Monday, October 7, 2024

Tourism should empower communities around which it happens

Over the last few years, the amount of contribution tourism has been making to the economy of Botswana as a proportion of GDP has been growing.

That growth has also been in real terms.

To their credit, the Government of Botswana has identified tourism as a key sector that could be developed and harnessed not only to bring cash into the kitty, but also to help reduce the country’s excessive dependence on diamonds.

In that score Government has gone to great lengths to make investments in tourism as attractive and as lucrative as possible.

While a few years ago the sector, especially in the pristine destinations in the north, remained almost exclusively confined to non-Batswana, the last few years have seen Batswana venture into tourism.

Government should also be commended for tackling the issue of racism.

The issue has not died, but it has somewhat subsided.
Like encouraging more Batswana to venture into tourism, the fight against racism is work in progress.

Having said that, we want to hasten to point out that a lot still has to be done to empower communities that stay in the vicinity of tourism destinations.

Take Okavango Delta, for example.

While tourist operators continue to make money, outside the resorts, the villages continue to be hives of poverty.

There are very few linkages between the tourism economy and the lives of villagers in the vicinity.
Incidentally, our leaders frequent these places and yet they seem least concerned.

Either it is because many of our leaders are themselves a part of the aloof tourism operating ventures, or they simply do not give a damn about seeing so much squalor; want in poverty existing side by side with wealth and opulence that come with the dollar wielding tourists from the west.
This coexistence of wealth and poverty is not only confined to Okavango.

The same applies to the Chobe as well as the Tuli Block enclaves.

It is difficult to see how the wealthy operators are able to get a reassurance of the long term sustainability of the businesses when such businesses exist next to such degrading poverty, unemployment and want.

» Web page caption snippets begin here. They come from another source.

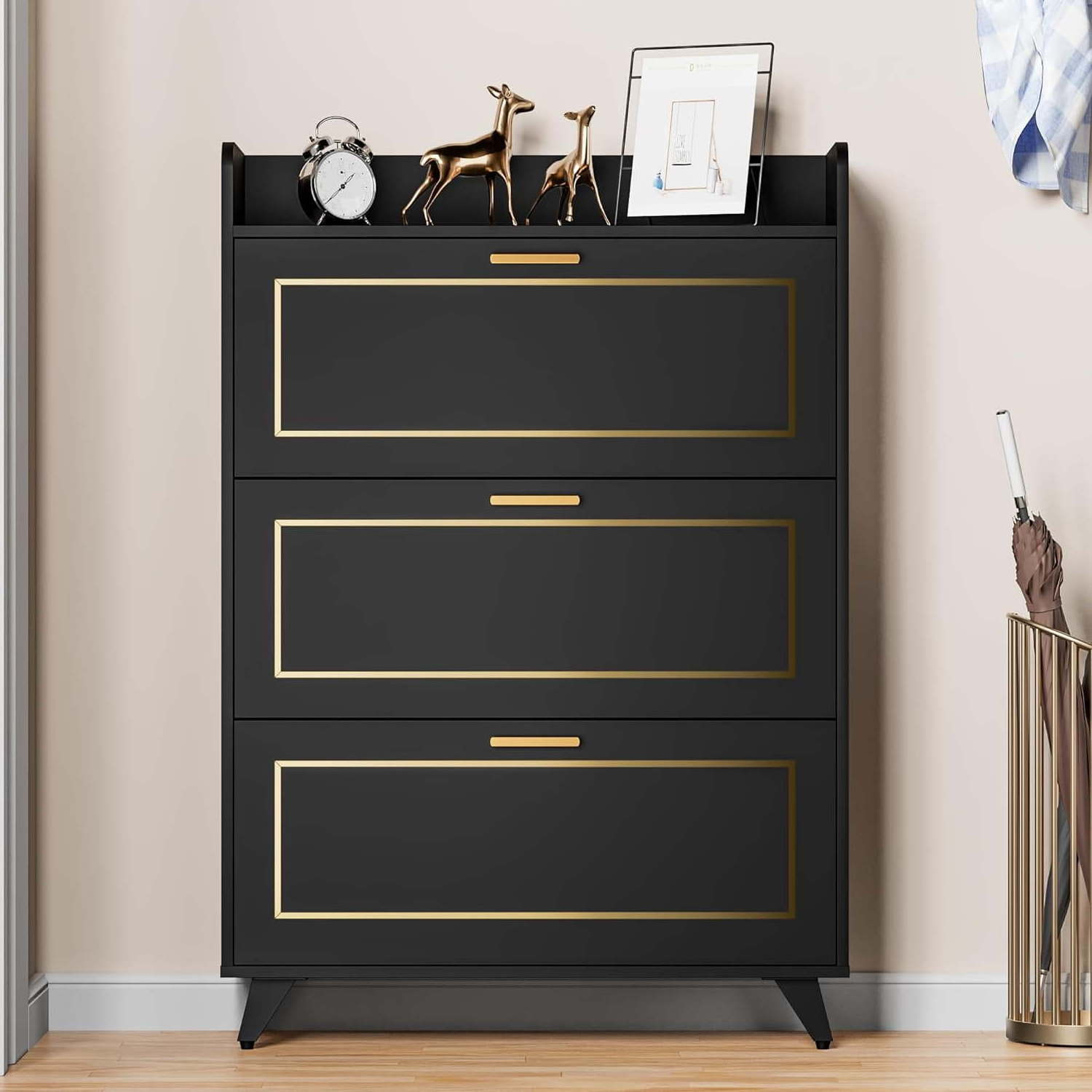 Shoe Storage Cabinet for Entryway, Narrow Hidden Shoe Organizer Cabinet with 3 Flip Drawers and Adjustable Shelves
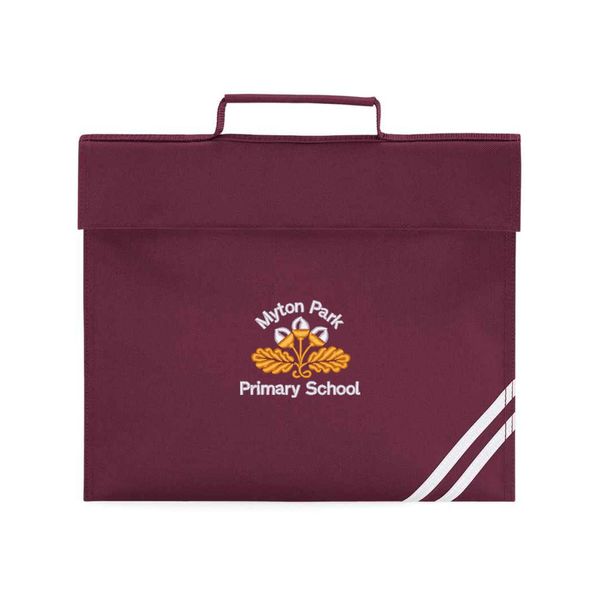 Myton Park Burgundy Logo Bookbag with reflective strip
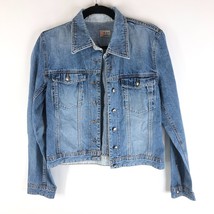 Rev Womens Denim Jacket Vintage Retro Trucker Zig Zag Stitching Medium W... - $28.84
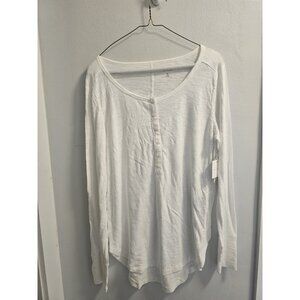 Banana Republic White Womens Sleep Shirt With Buttons Size Medium New With Tags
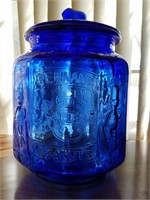 Vintage Cobalt Planters Peanut Jar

Of course, tourism operators do provide employment, however menial, to these communities but the truth is that there are no coherent plans to integrate these communities into the bigger economy that is extracted from natural resources in their area.

That, we think, is one area that should be of concern to our policy makers.

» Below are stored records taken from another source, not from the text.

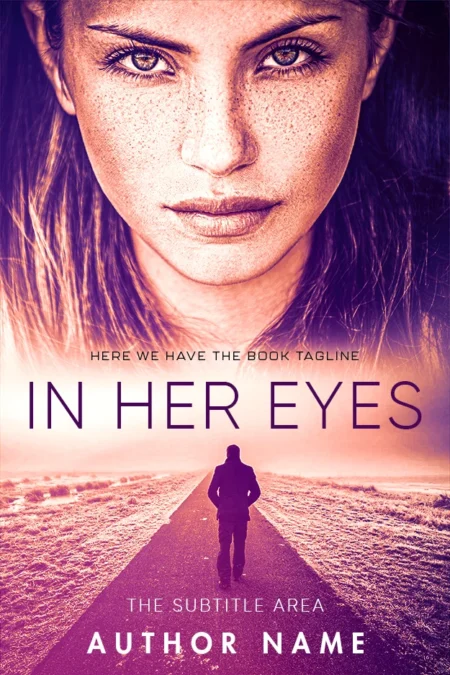 Intense gaze of a woman overlaying a man walking on a deserted road at sunset on 'In Her Eyes' book cover.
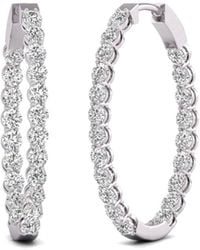 Diana M. Jewels - Diana M. Fine Jewelry 14k 10.00 Ct. Tw. Lab Grown Diamond Hoops - Lyst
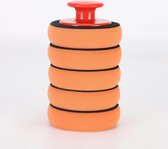 5x Auto Polijst Pads - 10cm - Premuim Kwaliteit Polijstschijf - Inclusief Kleef Handvat - Auto Schoonmaak - Geschikt voor Polijstmachine - Premium Quality - Waxpads - Polijstpad - Waxpad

Integrating these communities into the tourism economy has many benefits.

Because it helps communities to appreciate the true value of resources to themselves they in the end become active participants in the conservation efforts.

A failure to integrate these communities inevitably breeds despondency among them because communities ultimately tend to view themselves as outsiders.

That defeats all attempts to promote conservation of the natural resources, without which tourism itself becomes unsustainable.

While we recognize the efforts that have been made both by the Ministry of Tourism but also by such organisations like Botswana Tourism Organisation, we worry a lot about the sustainability and staying power of what has been achieved so far unless communities surrounding our key tourism areas get to directly feel the positive things into their every daily lives that are a result of tourism.